The University of British Columbia has a dynamic pension pool offering, called a variable payment life annuity. The concept of a VPLA was also introduced in the 2019 federal budget, so hopefully it will soon become a reality across the country, noted Sanders.
Introduced in 1967, UBC’s VPLA allows members to pool their savings — including savings outside of their workplace plan — at retirement. It currently has more than 400 members and two different drawdown options that members can mix and match.
The UBC’s VPLA is based on an older version that was introduced by the Teachers Insurance and Annuity Association of America in 1952. The College Retirement Equities Fund was revolutionary at the time, said Sanders, noting it was the first time retirees were promised a lifetime pension while still being able to invest in equities.
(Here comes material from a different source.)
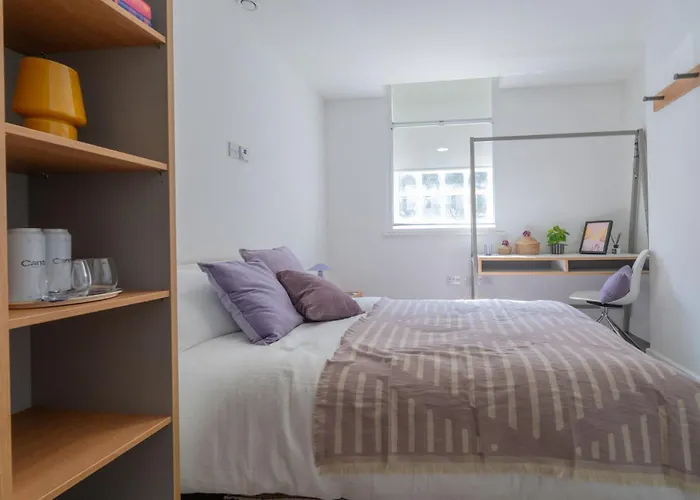 Ensuite Bedrooms With Shared Kitchen And Studios At The Old Fire Station In Birmingham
“The CREF is described as a fully participating annuity without guarantees — I think that’s a nice way of saying it’s a dynamic pension pool. What it means is that, whatever the pool’s experience is, . . . it’s shared with the people in the pool [and is] reflected in their pensions. So it’s a participating annuity.”
The roots of the CREF and the UBC’s VPLA lie in tontines, she said, which were a way for governments to raise money in the 17th and 18th centuries. Instead of governments issuing bonds, as they do today, they would issue tontines. “An investor would give some money to the king or to whoever was selling these tontines and, in exchange, they would be promised an income for life — not their own life, but rather the income would continue for as long as a person that they chose was still alive.”
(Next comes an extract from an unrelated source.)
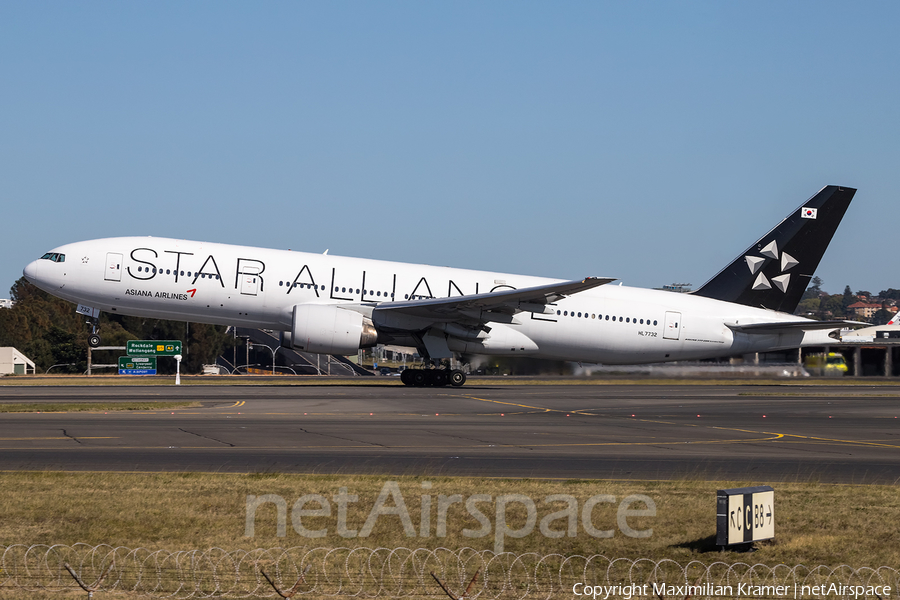 Asiana Airlines Boeing 777-28E(ER) (HL7732) | Photo 389817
Jumping back to the present time, Sanders highlighted Australia’s QSuper, which is one of the most recent implementations of dynamic pension pools. A year ago, it introduced a lifetime pension option, using the UBC’s VPLA as a template and tweaking it based on learnings from behavioural finance.
The QSuper option kept aspects of the UBC plan, including that it’s an open-ended pool, all cohorts share the risks and get the same adjustments, as well as an annual payout adjustment mechanism, she said, noting it also adopted UBC’s investment structure, which offers no choice to members. “There is one fund and that’s what everyone is invested in the pool. This is very unusual for Australia — they’re all over investment choice, but again simplicity is the name of the game.”
During focus groups, QSuper learned one of the biggest obstacles for members was the fear they wouldn’t get enough value out of it, said Sanders. “In other words, you’re going to put your money into this fund and then you’re going to die a month later and you’re not going to get anywhere close to getting out what you’ve put in.”
The solution was a refund of the initial contribution, adjusted for benefits that were already paid out. “With this simple tweak, they were able to lay people’s fears at rest because this way a member who joins this pool can be assured that they — and their heirs — will get at least out of this pool [what] they had originally put in. It was an expensive tweak — they ended up insuring it because it is a form of death benefit, but it’s a very small cost for the incredible boost it gave them in terms of the willingness of people to enter this product and overcome a very large and significant psychological barrier.”
Recognizing the evolution of these innovative decumulation options, the Organisation for Economic Co-operation and Development is updating its roadmap for good design in DC plans, said Sanders. “They recognize this doesn’t necessarily come from annuities; it can come from . . . collective arrangements for longevity risk pooled among the participants — in other words, dynamic pension pools.”